On the weekend we spent some time at Sydney’s Museum of Contemporary Art (MCA) exploring the works of Janet Laurence in the new exhibition After Nature. Laurence is one of Australia's leading contemporary artists and has explored the interconnection of all living things – animal, plant, mineral – through a multi-disciplinary approach.
Janet Laurence’s work highlights the impact of the Anthropocene era. This era represents a segment on the Earth’s timeline in which humans have inhabited the earth. The effects of a growing population has meant that we have significantly altered the landscape, the climate, the plants and animals. Laurence's work, highlights the complexity and beauty of our natural world, making us question our relationship with and understanding of the world around us.
The beautiful and thought provoking collection emphasised to us the importance of children spending time in natural environments where they can begin to understand our world's natural complexities. Delving deeper beyond the literal surface of our earth to see and investigate what’s under the surface and how interconnected and dependent our ecosystem really is. If children have a greater understanding and appreciation for our environment we can be sure that it will be taken care of for generations to come.
So it is important from a young age to spend as much time as possible outside or engaging with nature. Living in a beautiful city like Sydney, we are lucky that for the most part we are fairly well surrounded by nature and that we can access such a wide variety of beautiful landscapes with relative ease. It is so important that children spend time outdoors, not only for their cognitive and physical development but for their sense of place and appreciation for the natural world.
Here are some suggestions for nature experiences for you to do alongside your little one or for them to do independently to explore the natural world around them.
Spend time each day observing and discussing the weather, perhaps when they are getting dressed. What the temperature means in relation to the season or what direction the wind is blowing in and how strong it is. Discuss the intensity of the sun's heat, rainfall and the weather occurrences around the world.
Spend time outdoors everyday and where possible, mix it up. Of course there are massive health benefits to spending time outside like building up Vitamin D but it also gives children a better understanding of the world around them. Take the time to really look at different plants, insects, animals, observe what you can see and perhaps ponder what you can’t, smell different plants, be still - observe and listen to the movement in nature.
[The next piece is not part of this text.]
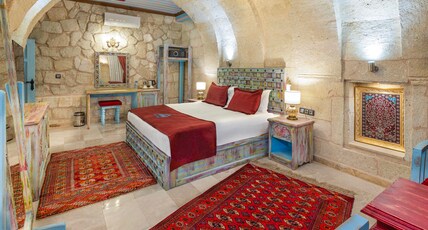 Han Cave Suites Room Type - Luxury room with jacuzzi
Get a bug catcher, an ant farm or make a home for a grasshopper. Follow children as they chase butterflies. ‘Owning a bug’ gives children a great deal of responsibility and allows them to observe the behaviours that might otherwise go unnoticed.
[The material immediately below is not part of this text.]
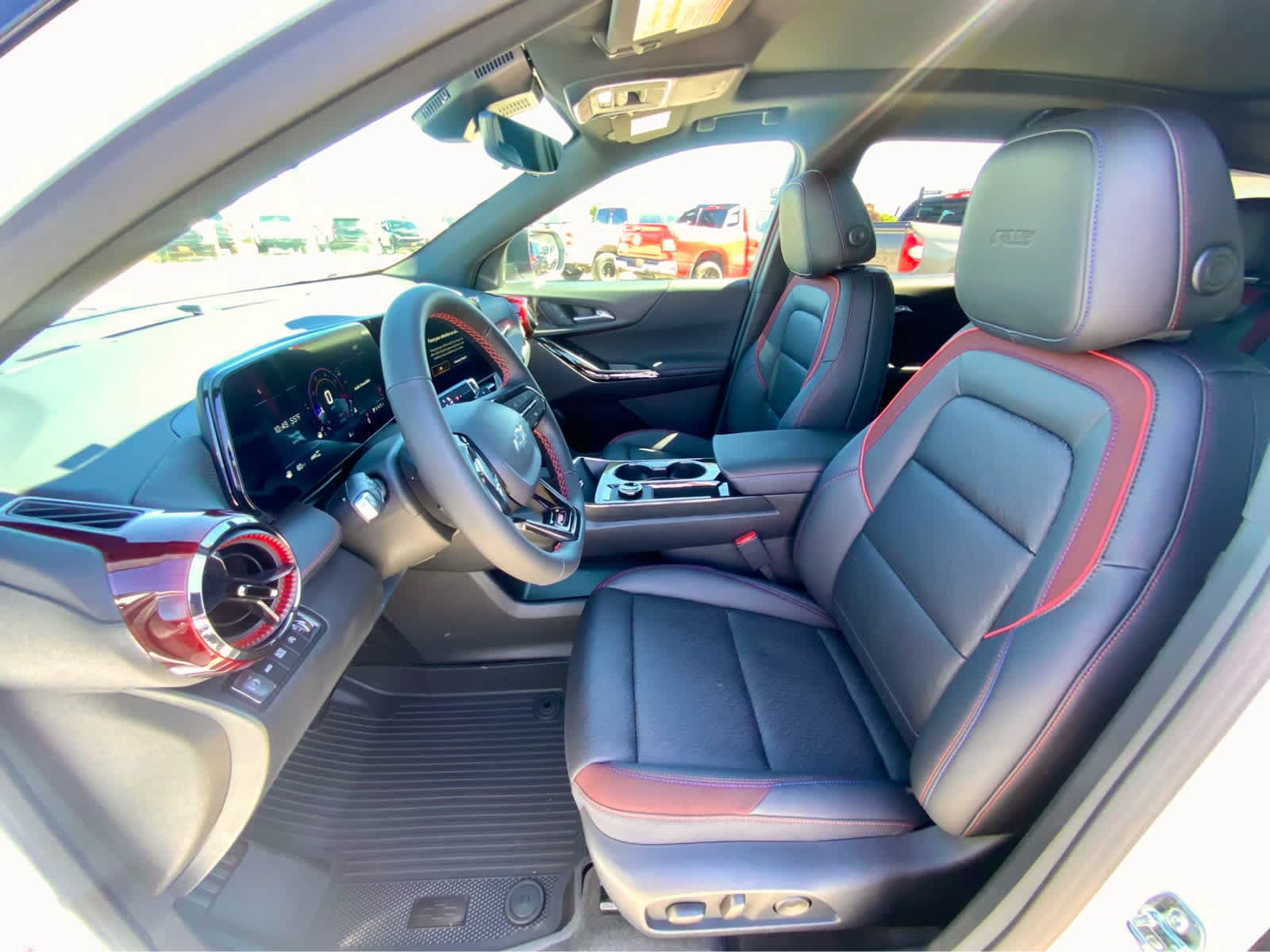 Thumbnail: 2026 Chevrolet Equinox - 22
Collect some flowers and foliage to place somewhere around your home.
Try growing a plant. There are so many options with varying degrees of ease. Children learn so many things, most notably a sense of responsibility and understanding, as well as many science principles like cause and effect and hypothesising.
Cook. Giving children a greater appreciation how food grows is invaluable to their health and understanding of where food comes from. Don’t forget to share in the experience of tasting along the way.
Build collections of natural objects. Stones, flowers, crystals, seeds, shells, twigs. It gives these objects a sense of value
Make art using natural elements. See our blog post for some suggested art projects using nature
Watch animal and environment documentaries. Expose children to far away lands and ecosystems they didn’t even know existed.
Make potions and mud pies. Buy or re-purpose some second hand pots and pans and let children go. They will get messy, but it’s nothing a bath or shower can't fix.
Show your child how to take photos on your phone and let them take some pictures of nature next time you go for a walk.
Share in their interest and wonder at their discoveries. Try to track down the proper names of plants and animals.
Head to the library to find a wide variety of resources to delve into.
Encourage birds to your garden by planting natives. Observe and identify your friendly visitors or take part in the Aussie Backyard Bird Count which can also be done in a local park.
Moon and star watch. Explore the phases of the moon, and identify the constellations.
On the next rainy day, set out on an adventure. Remember there is no such thing as bad weather just bad clothes choices.
Build a mini world. Think fairy garden, farm, dinosaur land or castle. Find a large pot or spot in the garden and using found and bought object build a mini-scape your little one can imagine walking around it.